In the meantime, Hamid Karzai, who was selected to be the puppet of the occupation forces at the Petersberg Conference held near Bonn in 2001, has declared he is ready to change sides and work with the Taliban because the resistance to the occupation is gradually mounting and he fears for his own skin.

The German army is fighting in Afghanistan alongside the US army in order to secure German geostrategic interests in a region of crucial importance for energy supplies while proving its loyalty to NATO. That is the real content of Guttenberg’s declaration that the German army is at war.

The minister is quite aware that his comments will do nothing to improve the popularity of the war. Already more than 70 percent of the population are opposed to the war, and this opposition will only grow as the original claims for the intervention of German troops—i.e., humanitarian and democratic aims—evaporate. In this respect Guttenberg’s statement is also a declaration of war on the German population.

It is in this connection that one should study the comments made by Guttenberg’s colleague, German cabinet member Dirk Niebel (Free Democratic Party). The development minister was part of a delegation in Kunduz at the time of the latest gun battle and spoke on behalf of the government at the funeral service for the three German soldiers. He used the occasion to bluntly blame the broad public opposition to the war for the precarious situation of the German troops and demanded that the German population throw its support behind the German mission in Afghanistan. The subsequent tragic shooting of Afghan security forces by German troops is an expression of the high degree of insecurity prevailing amongst German soldiers. This nervousness is directly bound up with the lack of support for the German mission on behalf of the German public, Niebel claimed.

Niebel told one newspaper: “The German soldiers desire more understanding for the fact that they have to take up arms, on occasion preventively. And they do not understand why they should justify their actions to the German public, or even face criminal charges.”

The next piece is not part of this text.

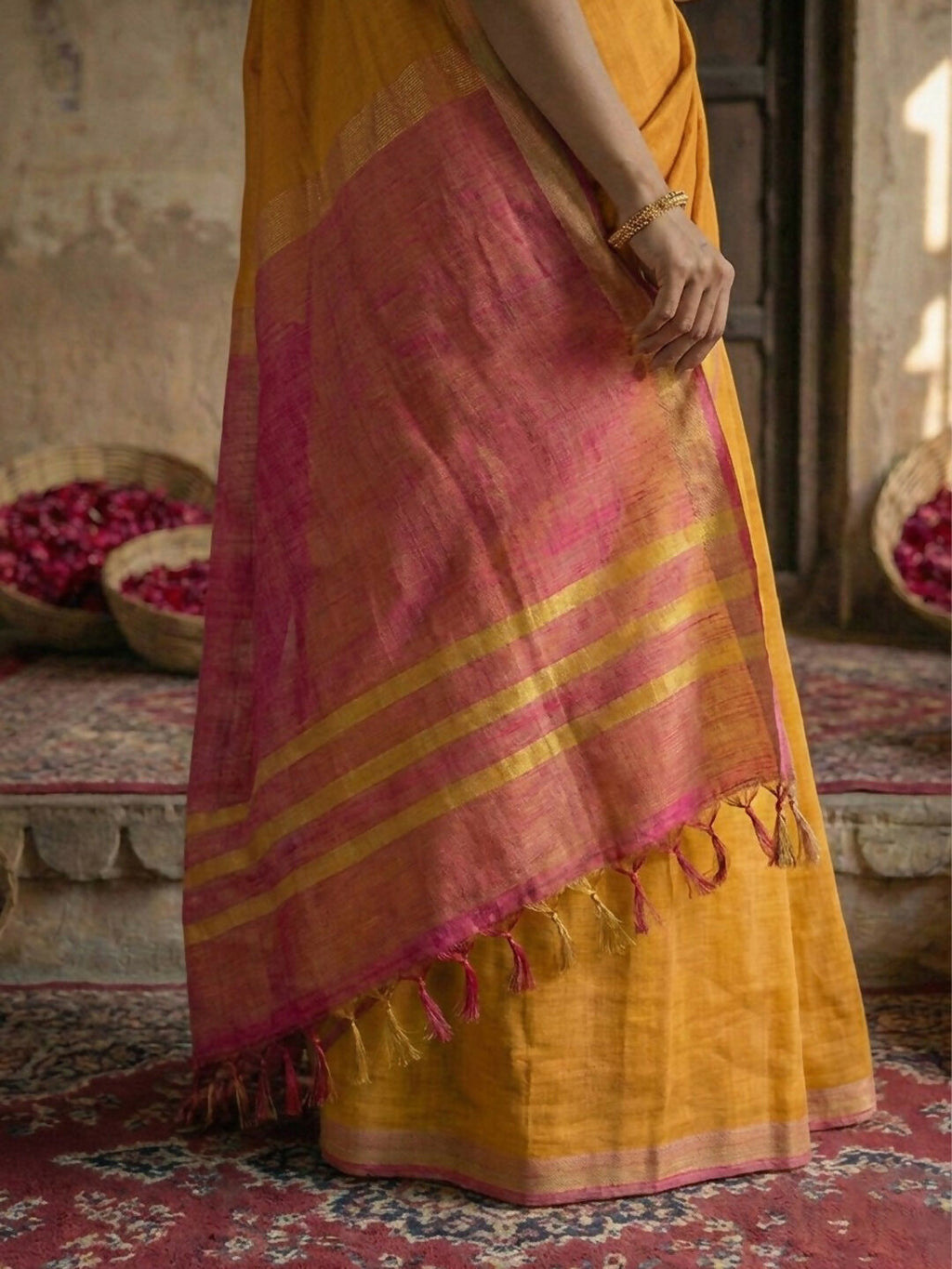 Shree Shyam Fashion Gold Cotton Saree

This attempt to revive the “Dolchstoßlegende” (a stab in the back for German interests) has a long and inglorious history in Germany. During the First World War, two of its most prominent opponents, Rosa Luxemburg and Karl Liebknecht, spent years in jail for their protest against the war, while right-wing veterans of the war (Freikorps) invariably escaped punishment for their criminal attacks on war opponents.

The participation in the war in Afghanistan is bound up with the growth of militarism today. Niebel, who served for eight years as a paratrooper in the “Black Forest” Air Brigade 25 and remains a reserve officer of the German army, speaks on behalf of the military high command who are demanding more influence in social development. The growth of militarism is directly bound up with the intensification of the economic crisis and is aimed at opposition at home as well as its perceived enemy abroad.